= Beginning of Section =

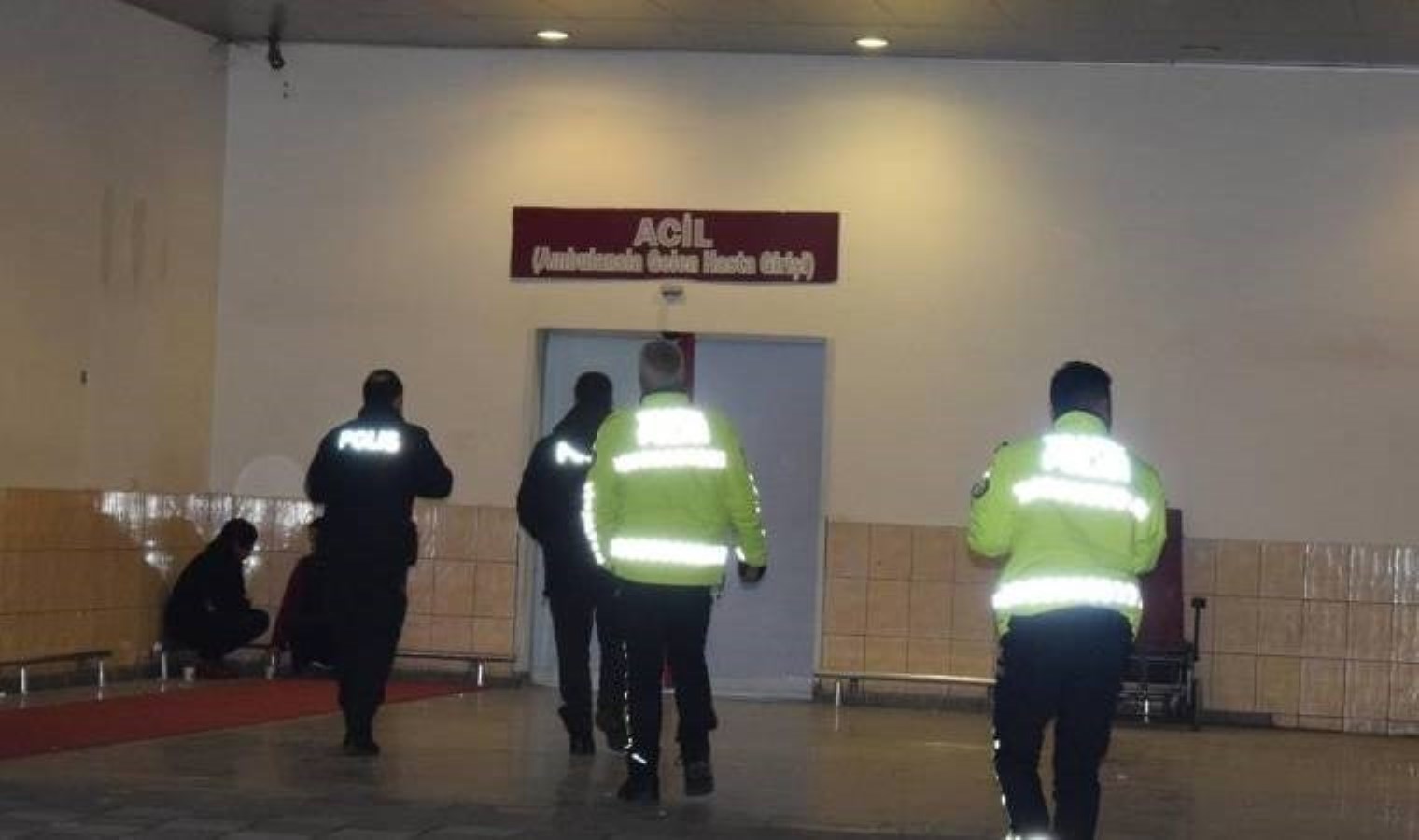 Malatya’da otomobil bahçeye uçtu: 1’i ağır 6 yaralı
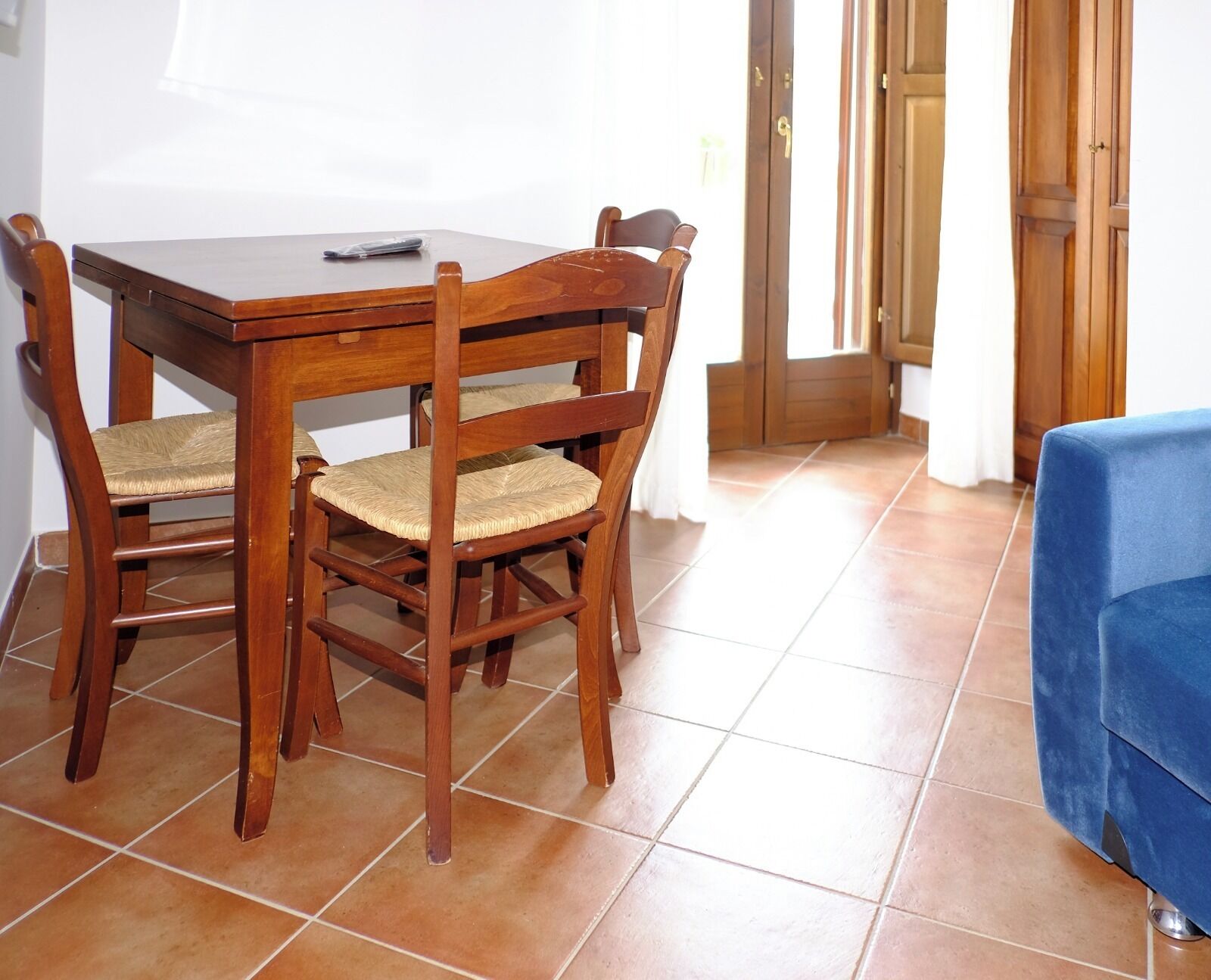Suite, balcone, vista montagna | Una cassaforte in camera, Wi-Fi gratuito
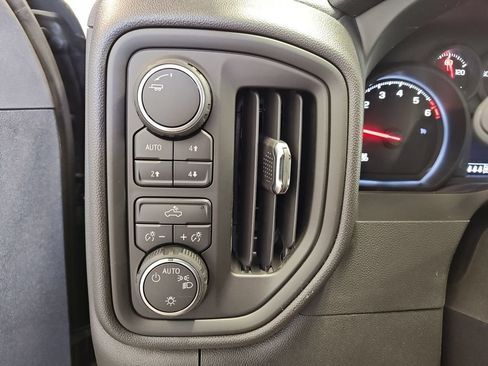 New 2026 Chevrolet Silverado 1500 Custom Trail Boss w/ Midnight Edition AWD/4WD image 26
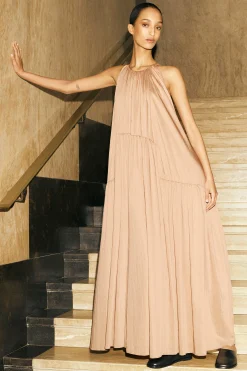 COS Klänningar & Jumpsuits | Occasionwear*MAXIKLÄNNING MED RYNKNING OCH HALTERNECK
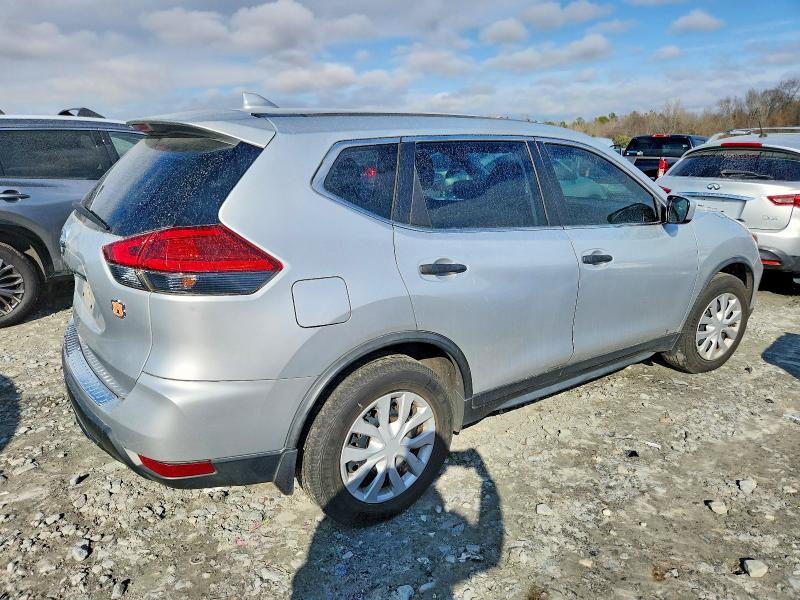 Фото 3 - NISSAN ROGUE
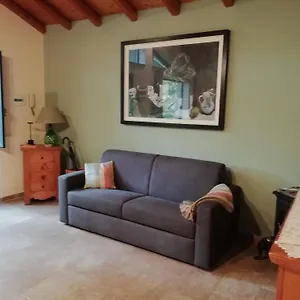 Vacanze Dietroserra Holiday home Viagrande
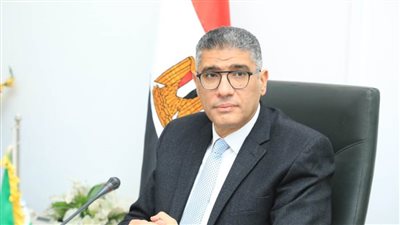 محافظ الجيزة: تجهيز موقف السرفيس الحضاري بكوبرى الصحابة بسعة 400 سيارة سرفيس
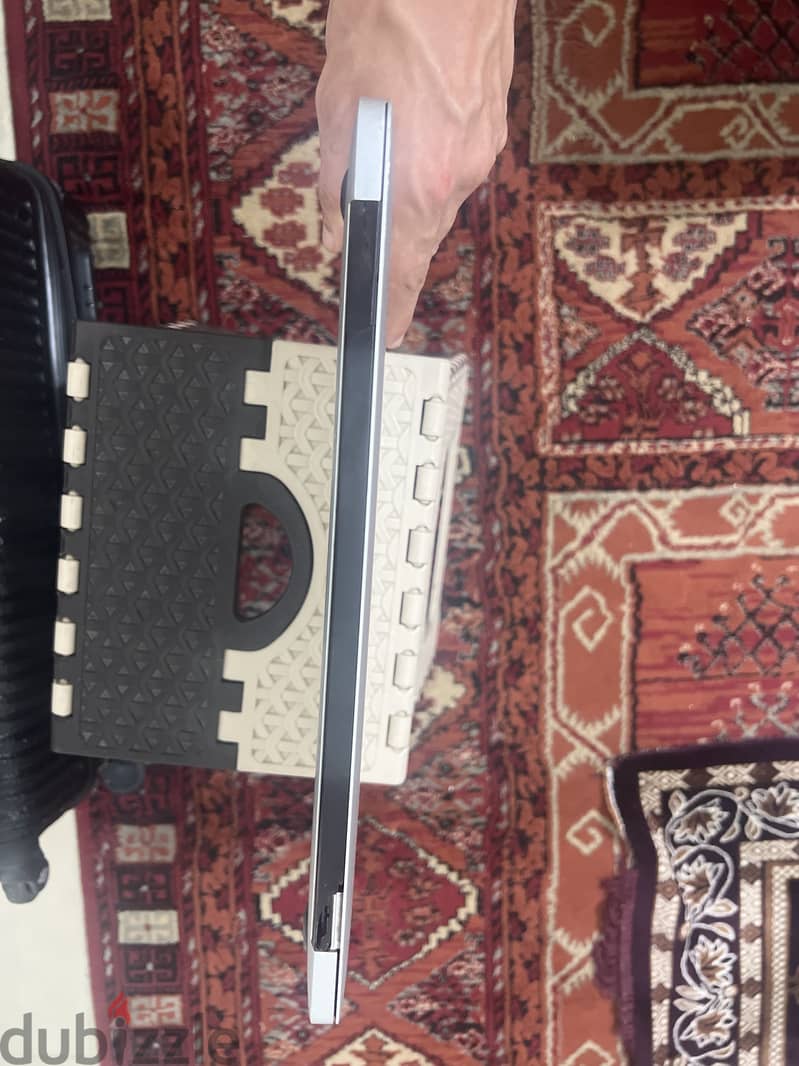 MacBook Air 2011 A1369 (EMC 2469) 5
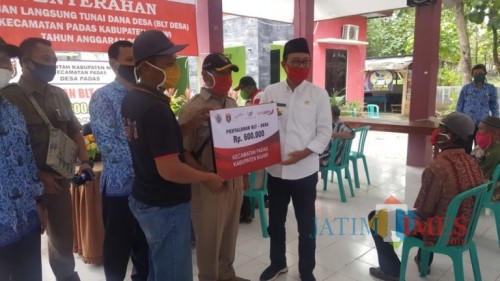 Bupati Ngawi IR H. Sulistyono hadir dalam penyaluran BLT di Kecamatan Padas, Ngawi, Senin (18/05/2020)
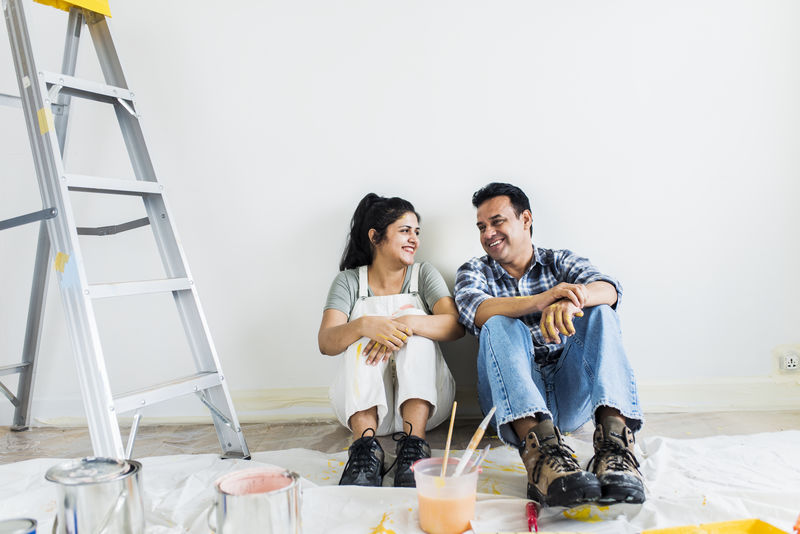 一对正在粉刷墙壁的夫妇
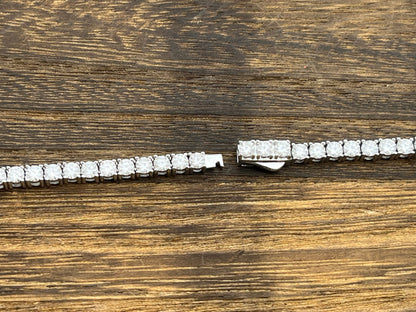 Kenzy Mii- 925 sterling silver 2.5 moissanite tennis bracelet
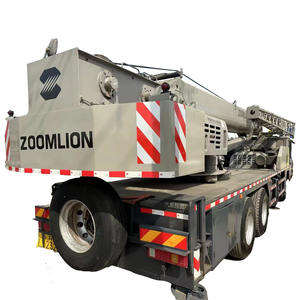 Grue sur camion Zoomlion ZTC251V451/452 25T d'occasion avec boîte de vitesses et pompe, très rentable et à faible consommation de carburant - Product Image 1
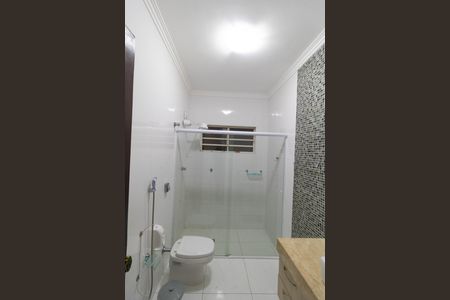 Casa à venda com 400m², 4 quartos e 4 vagas Casa à venda com 400m², 4 quartos e 4 vagasBanheiro Social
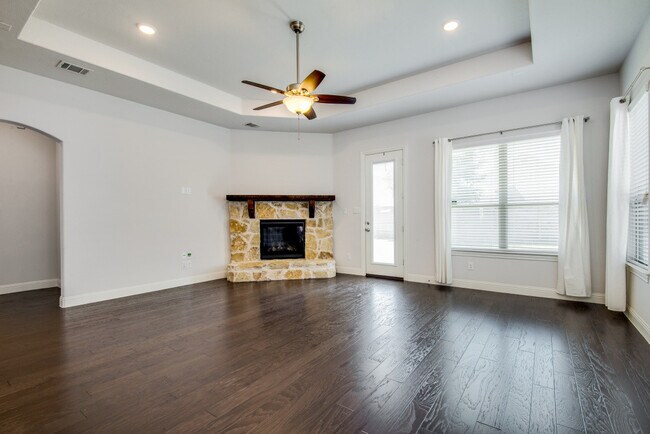 Building Photo - 720 Sandbox Dr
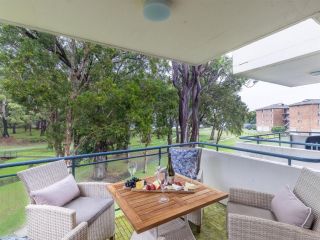 Mistral Court 7 fantastic unit on Little Beach Apartment, Nelson Bay - 2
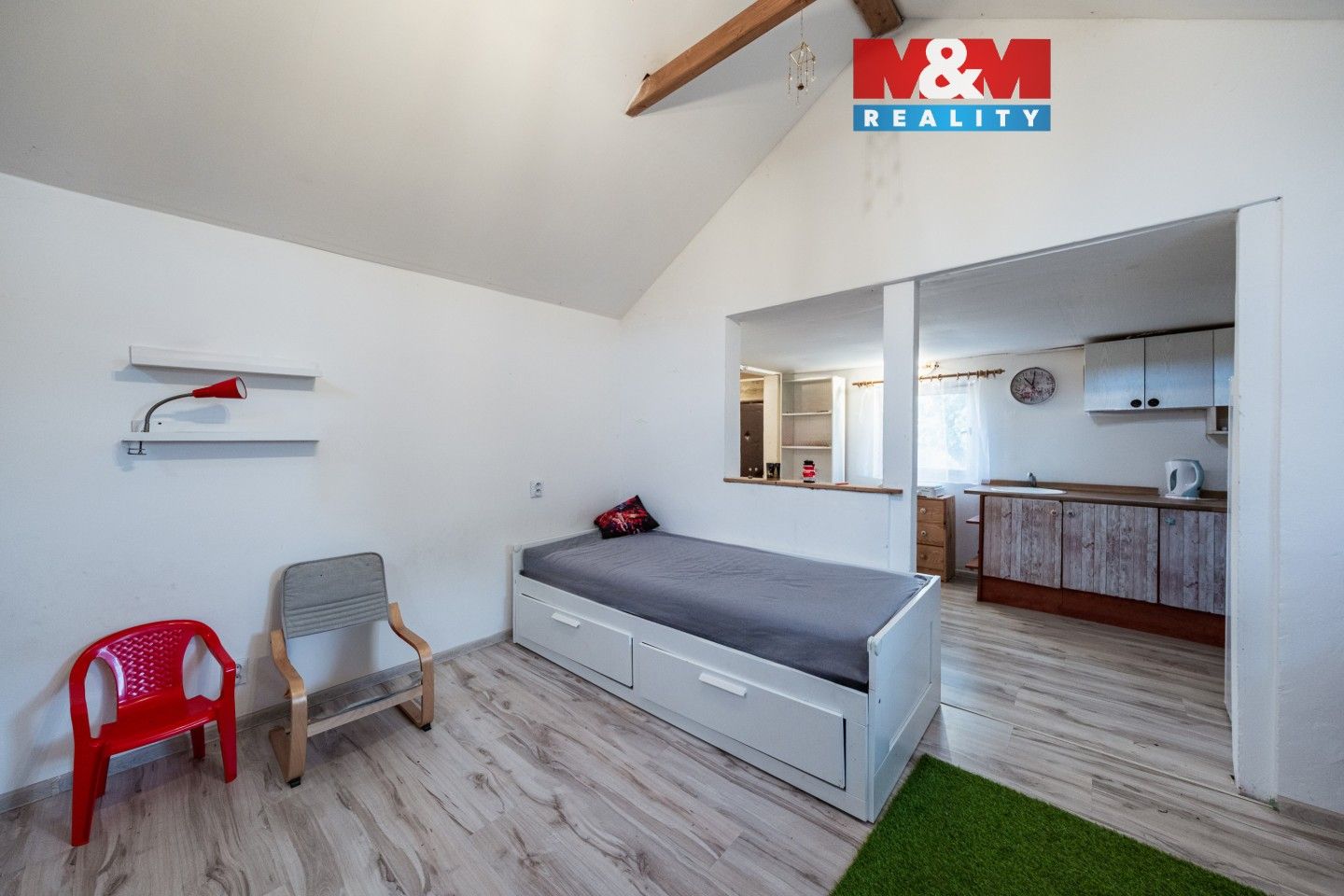 Chaty, Červený Hrádek, Jirkov, 37 m²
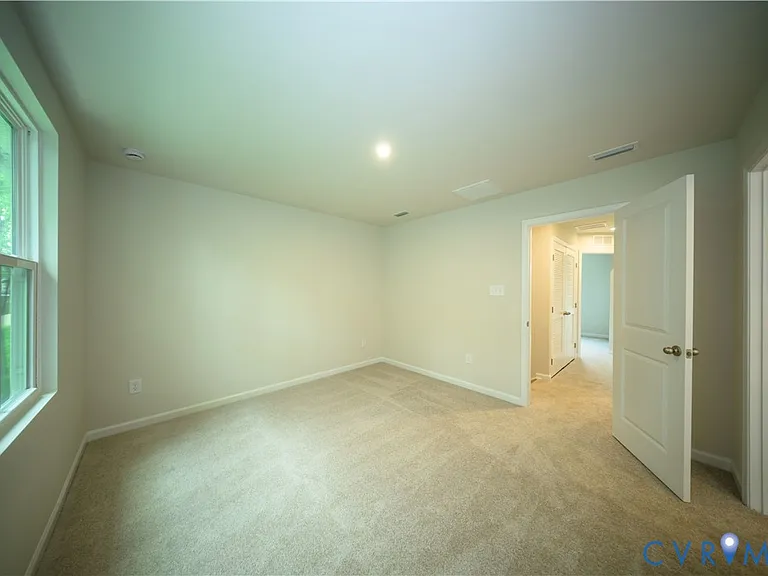 1121 Canterbury Ridge Rd — Photo 26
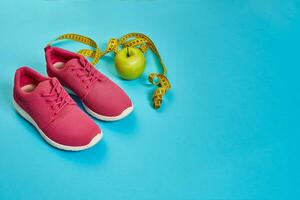 sportschoenen, centimeter, groen appel, gewicht verlies, rennen, gezond foto
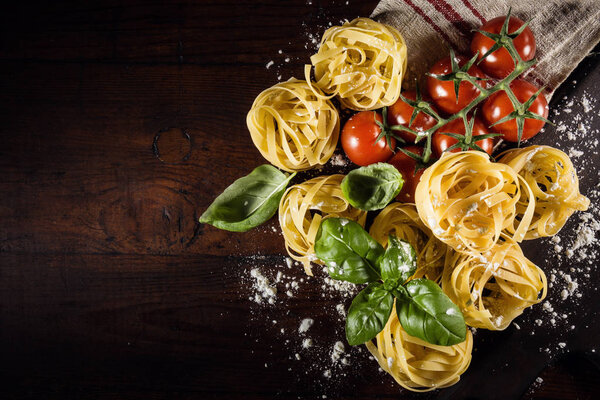 Arrangement of products for preparing pasta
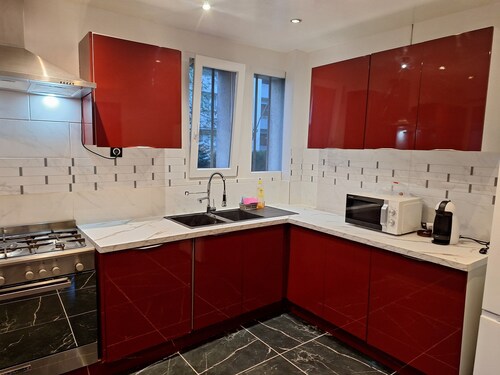 House, 1h10de Paris.7min from Orleans, in st jean Braye,.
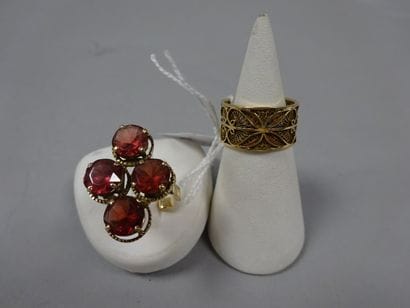 Lot comprenant : 

- Une bague en or jaune...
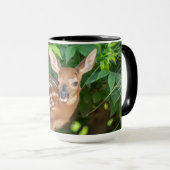 Portrait eines Neugeborenen (Weißschwanzhirsche) Tasse (VorderseiteRechts)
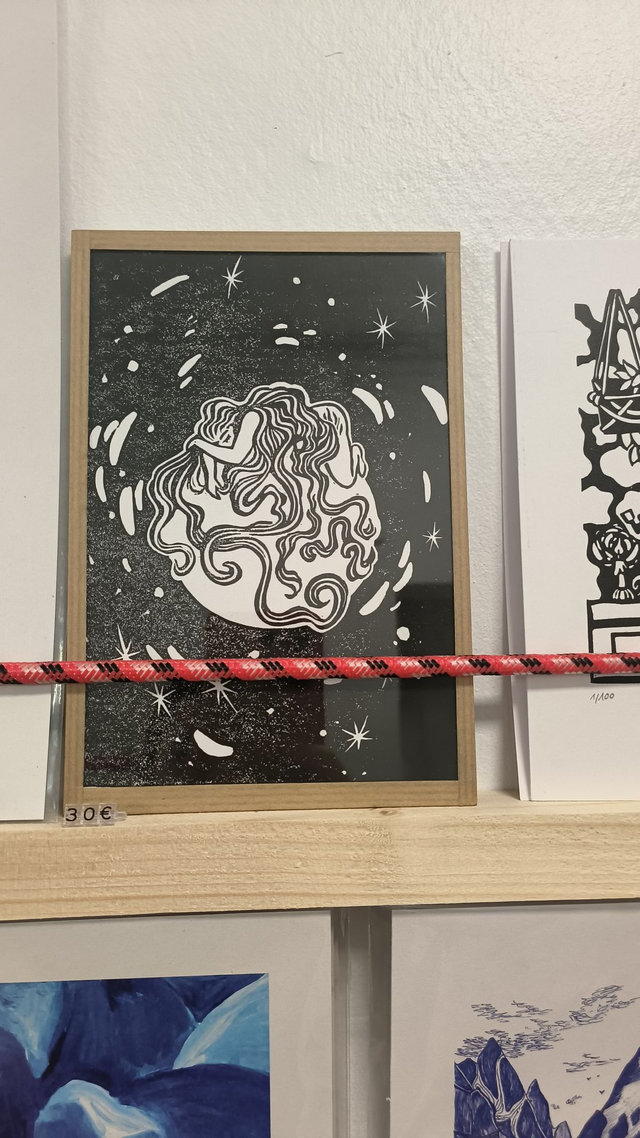 Gaia sur la lune noir sans cadre - Médéa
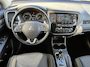 Mitsubishi Outlander 2.0 Business Edition / Automaat / Trekhaak (1.600 KG) / Cruise Control / Airco / Navigatie / Winter&Zomer Bandenset / Keyless /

= End of Section =

* _Exercise instructions_:
Retype only the lines from the line with "Vacanze Dietroserra Holiday home Viagrande" through the last line of the data. Keep both ends and skip the pictures.

* _Response to the exercise_:
 Vacanze Dietroserra Holiday home Viagrande
 محافظ الجيزة: تجهيز موقف السرفيس الحضاري بكوبرى الصحابة بسعة 400 سيارة سرفيس
 MacBook Air 2011 A1369 (EMC 2469) 5
 Bupati Ngawi IR H. Sulistyono hadir dalam penyaluran BLT di Kecamatan Padas, Ngawi, Senin (18/05/2020)
 一对正在粉刷墙壁的夫妇
 Kenzy Mii- 925 sterling silver 2.5 moissanite tennis bracelet
 Grue sur camion Zoomlion ZTC251V451/452 25T d'occasion avec boîte de vitesses et pompe, très rentable et à faible consommation de carburant - Product Image 1
 Casa à venda com 400m², 4 quartos e 4 vagas Casa à venda com 400m², 4 quartos e 4 vagasBanheiro Social
 Building Photo - 720 Sandbox Dr
 Mistral Court 7 fantastic unit on Little Beach Apartment, Nelson Bay - 2
 Chaty, Červený Hrádek, Jirkov, 37 m²
 1121 Canterbury Ridge Rd — Photo 26
 sportschoenen, centimeter, groen appel, gewicht verlies, rennen, gezond foto
 Arrangement of products for preparing pasta
 House, 1h10de Paris.7min from Orleans, in st jean Braye,.
 Lot comprenant : 

- Une bague en or jaune...
 Portrait eines Neugeborenen (Weißschwanzhirsche) Tasse (VorderseiteRechts)
 Gaia sur la lune noir sans cadre - Médéa
 Mitsubishi Outlander 2.0 Business Edition / Automaat / Trekhaak (1.600 KG) / Cruise Control / Airco / Navigatie / Winter&Zomer Bandenset / Keyless /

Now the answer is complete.